When planning ahead for retirement, both current and future financial objectives matter. This can include determining how much you need to invest now if you want to have a certain amount of income when you retire… and this is where the present value and future value of annuities comes into play.
Why Both Present and Future Value of an Annuity Matter
Present value and future value are terms that are oftentimes used with regard to annuities. In this case, the present value refers to the sum of money that needs to be contributed now in order to guarantee a certain amount of income payment in the future.
The future value is the dollar amount that will accrue over time when the sum (i.e., the present value) is invested. Therefore, the present value of the annuity is the amount that you must invest in order to realize the future value.
What is the Relationship Between the Present and the Future Value of an Annuity?
There are different types of annuities available in the marketplace. These include immediate and deferred, whereby immediate annuities pay out income right away, and deferred annuities can begin their payout at a time in the future (if at all).
In addition, there are also fixed and variable annuities. The return on a fixed annuity is based on an interest rate that is set by the offering insurance company. Variable annuities, though, base their return on the performance of underlying investments.

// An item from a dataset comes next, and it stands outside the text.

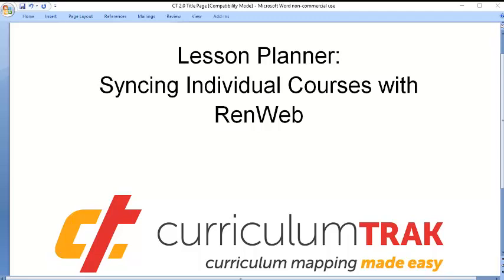During this video segment, I want to show you how teachers can turn on and off the synchronization with RENweb for individual courses.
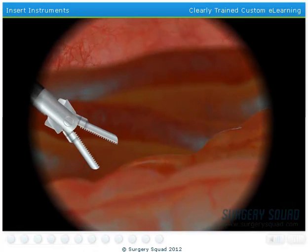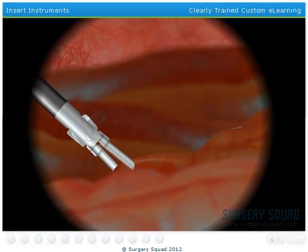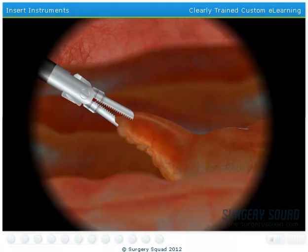The inflamed and swollen area you see is the patient's appendix. Our next step is to remove it before it becomes an even greater problem for our patient.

With regard to present and future values of annuities, the calculation of each of these figures assumes a regular annuity that has a fixed rate of growth. This is because there are too many uncertainties with variable annuities.
When an annuity is purchased, the insurance company that offers it will take a certain sum of money and invest it (as well as deduct any charges and fees that are due). The owner or annuitant (i.e., the recipient of the annuity’s income) will then receive a preset amount of money in regular intervals – such as monthly or annually – over either a preset time period (like 10 or 20 years) or over his or her lifetime.
It is important to keep in mind that both the present and the future value of an annuity can be dependent on a number of different factors. For example, using the interest rate that is offered by the insurance carrier on the annuity, along with the desired income amount, and the number of payments that are to be made, the present value calculation will discount the value of the future payments in order to come up with the necessary contribution to be made.
Is an Annuity Right for Your Retirement Plan?
Creating a retirement income plan can involve a number of moving parts. But it is definitely something you want to get right because, in this area, there are no do-overs. If you’d like to learn more about how annuities can help you to create a solid and reliable foundation for your income in retirement, Annuity Gator can help.
At Annuity Gator, our mission is on educating consumers and financial professionals on how annuities may fit both before and during retirement. So, feel free to reach out to us any time at (888) 440-2468, or via email through our secure online contact form. We look forward to hearing from you.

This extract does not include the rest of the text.